**PROVIDED DATA:**
####

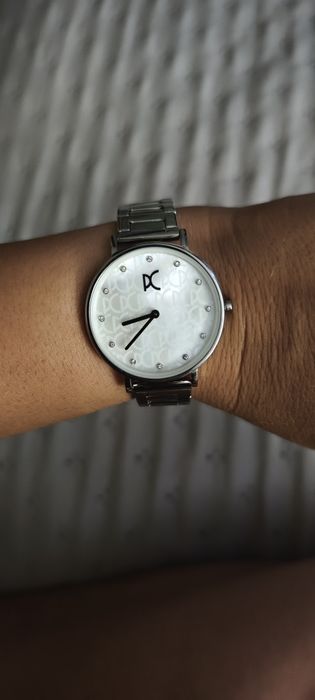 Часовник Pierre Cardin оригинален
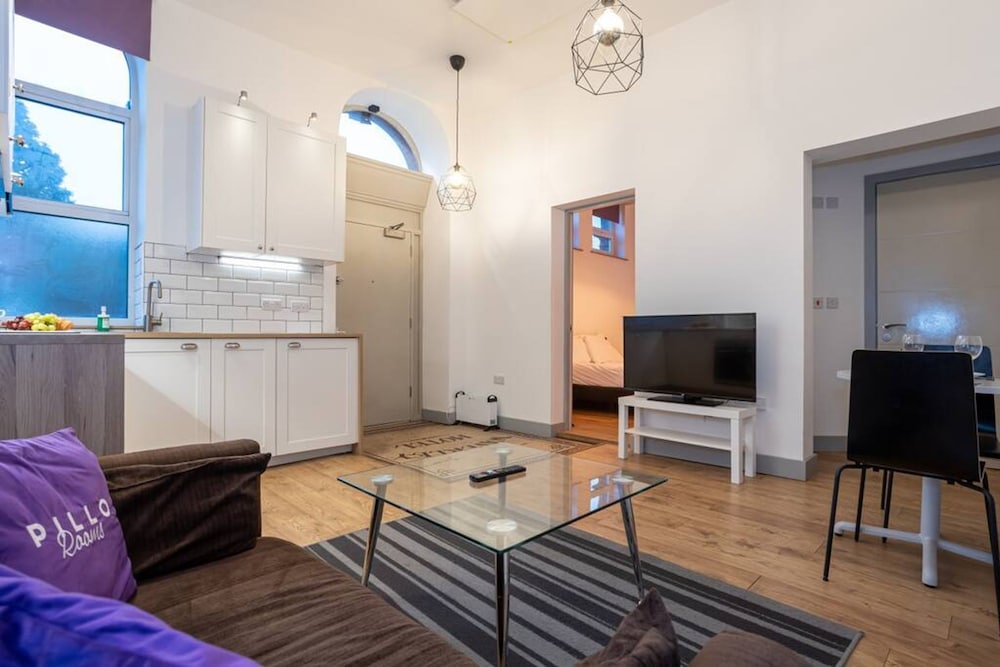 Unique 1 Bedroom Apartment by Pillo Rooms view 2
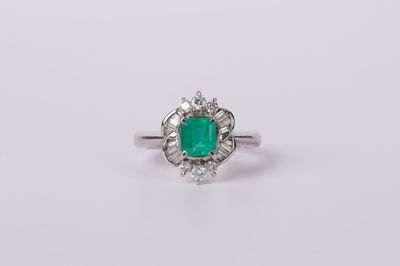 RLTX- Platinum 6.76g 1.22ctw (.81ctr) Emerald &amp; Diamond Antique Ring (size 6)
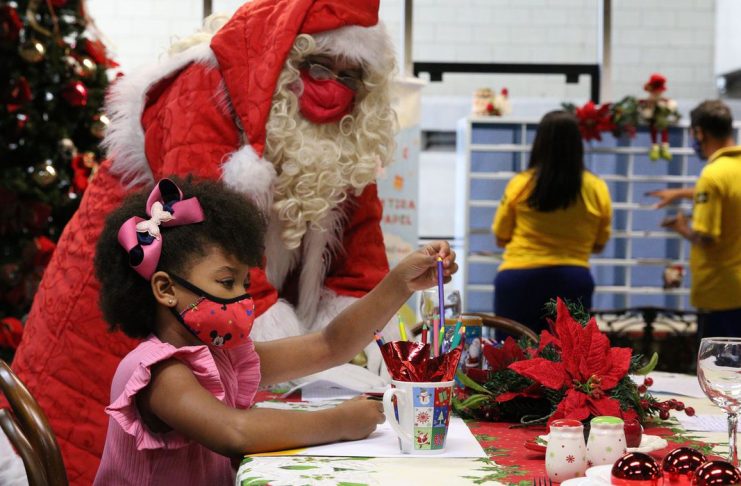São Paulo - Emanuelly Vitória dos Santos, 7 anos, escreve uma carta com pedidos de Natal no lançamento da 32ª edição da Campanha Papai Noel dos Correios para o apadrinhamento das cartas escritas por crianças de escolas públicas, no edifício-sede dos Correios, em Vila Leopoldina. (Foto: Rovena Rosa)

####

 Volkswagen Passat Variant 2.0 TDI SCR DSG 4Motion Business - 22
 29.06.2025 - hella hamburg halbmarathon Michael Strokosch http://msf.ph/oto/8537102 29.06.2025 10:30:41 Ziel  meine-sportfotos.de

####

**WORK TO BE COMPLETED:**
For the entries above, print exactly the lines between the one with "Часовник Pierre Cardin оригинален" and the one with "RLTX- Platinum 6.76g", inclusive, with no pictures.

**WRITTEN RESPONSE:**
 Часовник Pierre Cardin оригинален
 Unique 1 Bedroom Apartment by Pillo Rooms view 2
 RLTX- Platinum 6.76g 1.22ctw (.81ctr) Emerald &amp; Diamond Antique Ring (size 6)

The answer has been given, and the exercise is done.